In today’s data-driven world, managing and extracting value from data are crucial capabilities. Two of the most common capabilities required for this are data cataloging and data warehousing. Data cataloging allows us to keep track of metadata and acts as a guiding beacon for data pipelines. On the other hand, data warehousing enables us to process large volumes of data efficiently for deriving insights.
Azure provides two powerful services for these capabilities – Azure Purview for data cataloging and governance, and Azure Synapse Analytics for data warehousing. In this article, we will explore how to integrate these two services to access data catalog assets hosted in Azure Purview from Azure Synapse.
Prerequisites
Before we begin, make sure you have the necessary privileges to administer and operate Azure Purview and Azure Synapse services on your Azure account. You will also need an instance of Azure Purview with some data repositories cataloged, as well as an instance of Azure Synapse Workspace.
Configuring Azure Purview for Integration
To integrate Azure Purview with Azure Synapse, open the Azure Synapse Studio and navigate to the Manage blade. Under the External connections section, you will find Azure Purview (Preview). Click on “Connect to a Purview account” and select your Purview account from the list. This will register the account with Azure Synapse and integrate it with Purview.
Once the integration is complete, you can access the Purview catalog from Synapse Studio. Navigate to the Data tab and select “Purview” from the search bar dropdown. Now you can search for data assets cataloged in Purview directly from Synapse Studio.
Exploring the Purview Catalog
When searching the Purview catalog from Synapse Studio, you can type a full or partial name of the database object you intend to search. The search results will show a list of database objects that match the criteria. These results are specific to the Purview account instance and not the Synapse pools.

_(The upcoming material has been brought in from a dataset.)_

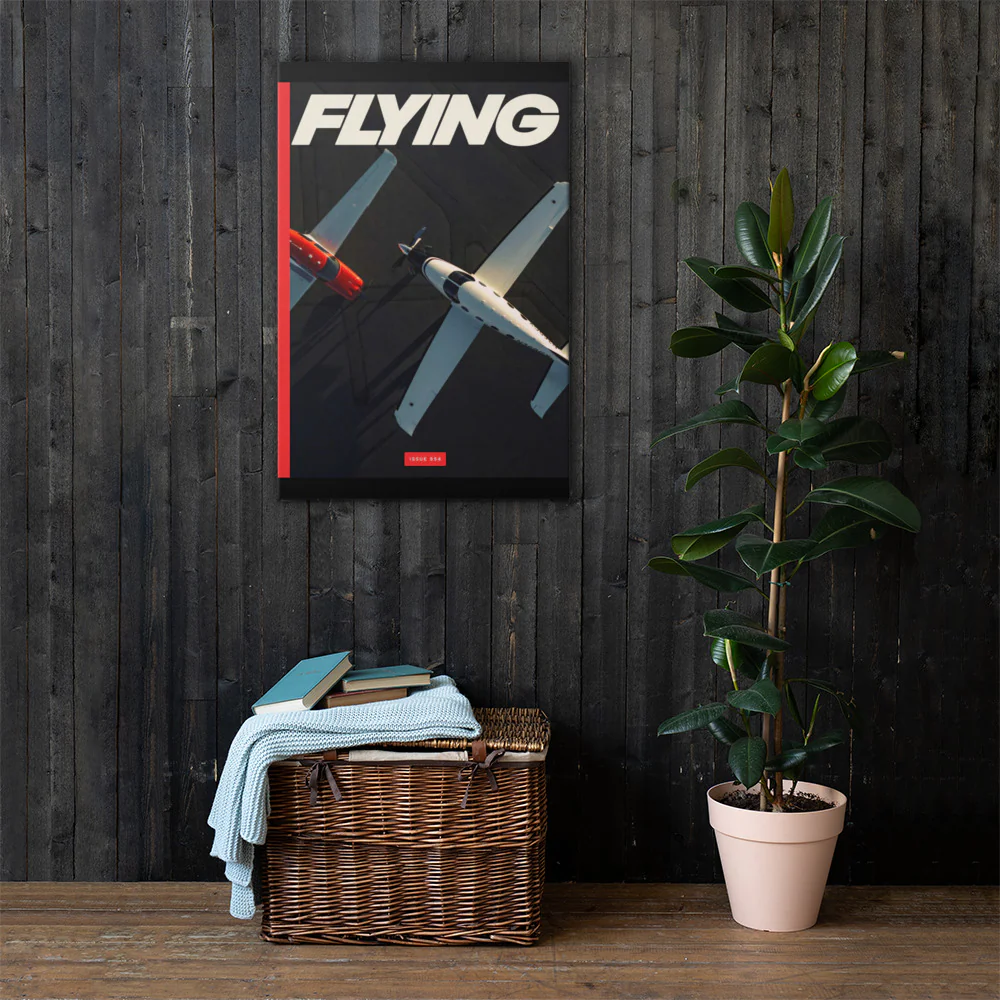 Issue 954 Cover Print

Clicking on an item in the search results will display detailed information about the data asset. You can explore its schema, lineage, data classification, related database objects, and more. The related tab can also help you find similar or related database objects.

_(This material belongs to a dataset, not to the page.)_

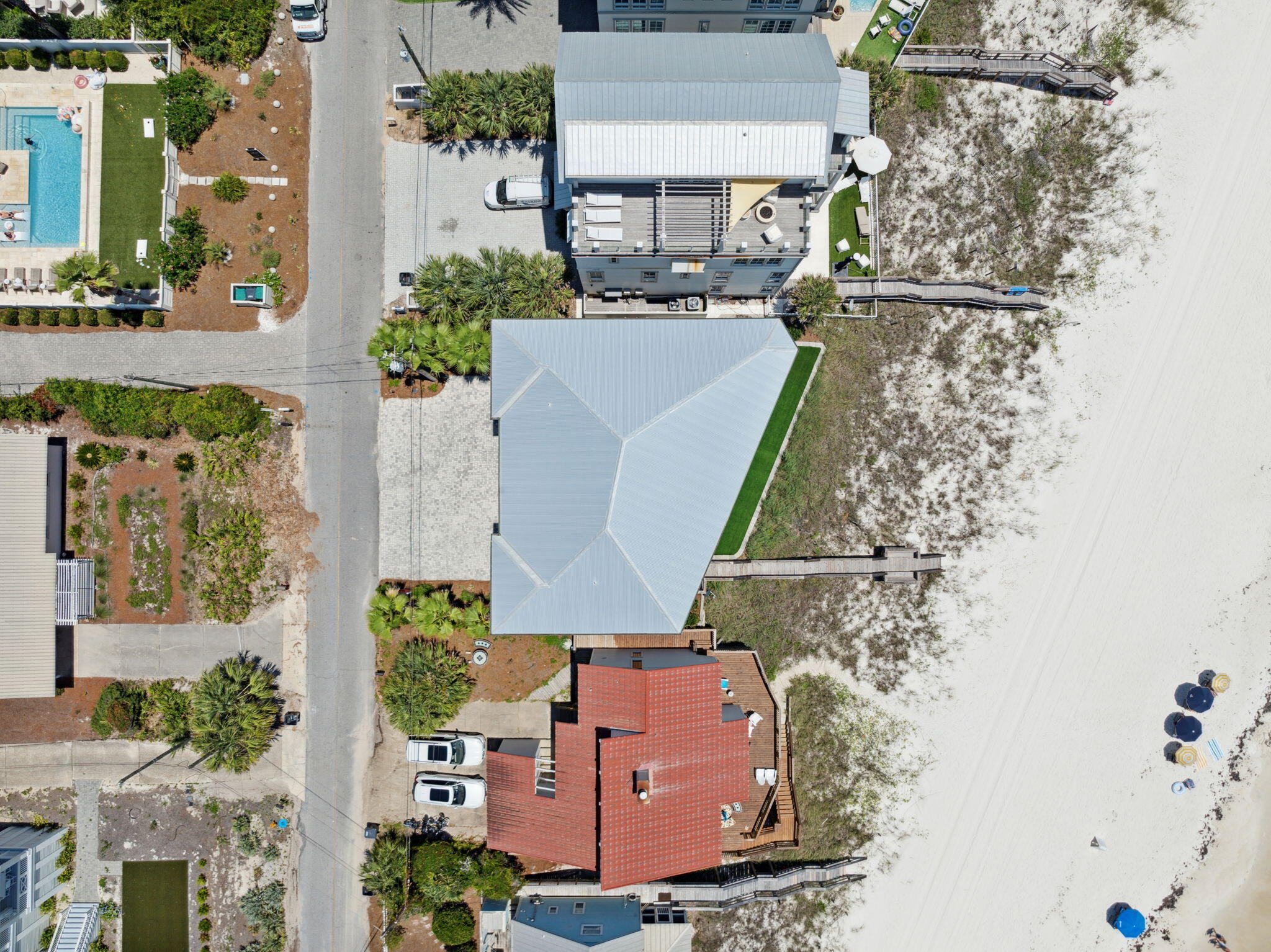 INLET BEACH - Residential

Taking Actions in Synapse Studio
Once you have discovered a data asset of interest, you can take corresponding actions in Synapse Studio. This includes creating a linked service, integration dataset, or a new data flow to source the data from the targeted object. The Connect and Develop menu items provide links to initiate these actions.
The benefit of integrating Azure Purview with Azure Synapse is that you can access the catalog right within the operational console of a data warehousing environment. This eliminates the need to switch between services and simplifies the data sourcing process.
Conclusion
In this article, we learned how to integrate Azure Purview and Azure Synapse Analytics. By cataloging data in Purview and integrating it with Synapse, we can access data assets from the catalog directly in Synapse Studio. This integration streamlines the data warehousing process and provides a convenient way to manage and source data within a single environment.